### WHAT TO DO
Give back an exact copy of the lines in the records below, from the line that has "Kvinnor i djurskinn" through the line that has "Robinson Dark Brown", and nothing besides.

[Collection entries]
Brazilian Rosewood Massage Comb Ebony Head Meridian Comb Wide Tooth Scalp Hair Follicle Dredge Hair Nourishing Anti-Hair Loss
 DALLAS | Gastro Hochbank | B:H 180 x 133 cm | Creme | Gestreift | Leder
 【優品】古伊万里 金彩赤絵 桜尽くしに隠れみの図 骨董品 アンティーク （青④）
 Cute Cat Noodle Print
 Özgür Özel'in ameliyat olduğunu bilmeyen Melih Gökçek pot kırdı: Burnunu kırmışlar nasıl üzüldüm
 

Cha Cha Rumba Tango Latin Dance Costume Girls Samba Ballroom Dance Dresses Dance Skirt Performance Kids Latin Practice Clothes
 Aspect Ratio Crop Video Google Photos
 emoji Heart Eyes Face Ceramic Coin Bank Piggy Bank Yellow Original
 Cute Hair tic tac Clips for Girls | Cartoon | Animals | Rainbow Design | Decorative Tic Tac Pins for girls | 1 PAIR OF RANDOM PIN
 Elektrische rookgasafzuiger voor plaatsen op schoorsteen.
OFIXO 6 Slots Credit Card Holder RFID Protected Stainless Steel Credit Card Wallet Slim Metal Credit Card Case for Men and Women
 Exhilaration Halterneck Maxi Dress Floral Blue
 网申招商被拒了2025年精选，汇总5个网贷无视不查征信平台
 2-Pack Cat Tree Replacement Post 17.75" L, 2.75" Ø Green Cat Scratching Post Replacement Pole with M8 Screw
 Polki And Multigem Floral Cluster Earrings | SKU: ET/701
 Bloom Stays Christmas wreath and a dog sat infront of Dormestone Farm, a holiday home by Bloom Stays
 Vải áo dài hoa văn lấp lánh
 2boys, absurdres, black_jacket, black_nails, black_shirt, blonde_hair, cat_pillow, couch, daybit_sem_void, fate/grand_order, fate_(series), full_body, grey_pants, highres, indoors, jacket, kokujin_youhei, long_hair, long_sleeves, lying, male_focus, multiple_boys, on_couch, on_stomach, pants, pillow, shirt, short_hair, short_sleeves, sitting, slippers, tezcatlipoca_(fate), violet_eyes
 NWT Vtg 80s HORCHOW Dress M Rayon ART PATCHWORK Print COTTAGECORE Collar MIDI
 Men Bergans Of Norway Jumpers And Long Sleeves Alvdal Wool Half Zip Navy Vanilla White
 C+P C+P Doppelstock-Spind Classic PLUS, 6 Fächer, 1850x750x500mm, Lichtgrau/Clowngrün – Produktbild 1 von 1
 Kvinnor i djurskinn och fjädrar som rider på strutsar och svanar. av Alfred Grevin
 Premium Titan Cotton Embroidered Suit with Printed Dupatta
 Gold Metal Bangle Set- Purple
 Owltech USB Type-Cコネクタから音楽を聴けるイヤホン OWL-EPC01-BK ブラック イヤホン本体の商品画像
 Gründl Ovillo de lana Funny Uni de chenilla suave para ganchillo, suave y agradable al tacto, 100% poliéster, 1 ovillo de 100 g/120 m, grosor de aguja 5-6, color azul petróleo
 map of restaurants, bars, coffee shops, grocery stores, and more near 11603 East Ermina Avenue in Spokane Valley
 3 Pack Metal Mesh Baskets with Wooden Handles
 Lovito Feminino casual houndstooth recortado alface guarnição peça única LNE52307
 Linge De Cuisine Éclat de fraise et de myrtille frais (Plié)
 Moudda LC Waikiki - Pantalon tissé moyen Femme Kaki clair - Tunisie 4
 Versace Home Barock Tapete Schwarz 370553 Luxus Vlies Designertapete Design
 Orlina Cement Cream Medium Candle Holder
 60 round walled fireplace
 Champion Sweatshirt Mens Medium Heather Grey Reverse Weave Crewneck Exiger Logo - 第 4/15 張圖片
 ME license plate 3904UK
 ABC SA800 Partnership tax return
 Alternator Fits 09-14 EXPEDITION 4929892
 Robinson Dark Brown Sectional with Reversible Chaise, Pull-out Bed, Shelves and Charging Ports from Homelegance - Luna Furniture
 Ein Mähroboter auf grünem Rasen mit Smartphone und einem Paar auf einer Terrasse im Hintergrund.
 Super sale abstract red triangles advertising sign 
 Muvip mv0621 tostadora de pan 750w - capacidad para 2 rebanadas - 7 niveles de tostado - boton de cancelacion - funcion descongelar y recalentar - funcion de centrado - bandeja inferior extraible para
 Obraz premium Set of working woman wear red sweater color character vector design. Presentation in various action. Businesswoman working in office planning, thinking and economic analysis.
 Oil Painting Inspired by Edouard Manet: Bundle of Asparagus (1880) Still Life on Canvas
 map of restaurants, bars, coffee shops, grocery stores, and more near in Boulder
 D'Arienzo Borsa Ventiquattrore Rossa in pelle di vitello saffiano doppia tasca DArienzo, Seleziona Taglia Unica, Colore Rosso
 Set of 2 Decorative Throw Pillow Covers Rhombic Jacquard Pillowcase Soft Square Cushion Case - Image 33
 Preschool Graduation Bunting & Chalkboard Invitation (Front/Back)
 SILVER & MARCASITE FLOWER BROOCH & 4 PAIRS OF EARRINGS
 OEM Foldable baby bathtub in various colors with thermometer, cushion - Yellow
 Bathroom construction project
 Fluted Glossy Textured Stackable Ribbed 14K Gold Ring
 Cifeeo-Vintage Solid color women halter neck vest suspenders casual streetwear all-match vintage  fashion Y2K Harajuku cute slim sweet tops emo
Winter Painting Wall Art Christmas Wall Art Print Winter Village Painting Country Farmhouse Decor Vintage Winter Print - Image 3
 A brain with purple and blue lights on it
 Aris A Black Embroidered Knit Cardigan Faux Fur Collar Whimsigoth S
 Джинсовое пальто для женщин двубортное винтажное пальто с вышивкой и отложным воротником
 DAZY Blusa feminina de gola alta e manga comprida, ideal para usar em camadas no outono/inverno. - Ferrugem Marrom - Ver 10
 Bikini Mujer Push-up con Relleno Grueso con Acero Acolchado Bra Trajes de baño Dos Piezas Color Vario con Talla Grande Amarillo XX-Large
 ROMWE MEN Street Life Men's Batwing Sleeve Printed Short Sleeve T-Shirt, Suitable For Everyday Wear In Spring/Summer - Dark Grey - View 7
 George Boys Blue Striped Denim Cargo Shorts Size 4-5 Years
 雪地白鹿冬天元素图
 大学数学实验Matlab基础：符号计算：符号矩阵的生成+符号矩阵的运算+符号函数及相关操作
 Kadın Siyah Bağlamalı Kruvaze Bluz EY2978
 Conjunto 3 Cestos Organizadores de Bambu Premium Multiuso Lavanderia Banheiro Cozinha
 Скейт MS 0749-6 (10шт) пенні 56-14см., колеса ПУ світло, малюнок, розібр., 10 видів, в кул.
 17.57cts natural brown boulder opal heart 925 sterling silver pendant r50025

### ANSWER FOR THE TASK
 Kvinnor i djurskinn och fjädrar som rider på strutsar och svanar. av Alfred Grevin
 Premium Titan Cotton Embroidered Suit with Printed Dupatta
 Gold Metal Bangle Set- Purple
 Owltech USB Type-Cコネクタから音楽を聴けるイヤホン OWL-EPC01-BK ブラック イヤホン本体の商品画像
 Gründl Ovillo de lana Funny Uni de chenilla suave para ganchillo, suave y agradable al tacto, 100% poliéster, 1 ovillo de 100 g/120 m, grosor de aguja 5-6, color azul petróleo
 map of restaurants, bars, coffee shops, grocery stores, and more near 11603 East Ermina Avenue in Spokane Valley
 3 Pack Metal Mesh Baskets with Wooden Handles
 Lovito Feminino casual houndstooth recortado alface guarnição peça única LNE52307
 Linge De Cuisine Éclat de fraise et de myrtille frais (Plié)
 Moudda LC Waikiki - Pantalon tissé moyen Femme Kaki clair - Tunisie 4
 Versace Home Barock Tapete Schwarz 370553 Luxus Vlies Designertapete Design
 Orlina Cement Cream Medium Candle Holder
 60 round walled fireplace
 Champion Sweatshirt Mens Medium Heather Grey Reverse Weave Crewneck Exiger Logo - 第 4/15 張圖片
 ME license plate 3904UK
 ABC SA800 Partnership tax return
 Alternator Fits 09-14 EXPEDITION 4929892
 Robinson Dark Brown Sectional with Reversible Chaise, Pull-out Bed, Shelves and Charging Ports from Homelegance - Luna Furniture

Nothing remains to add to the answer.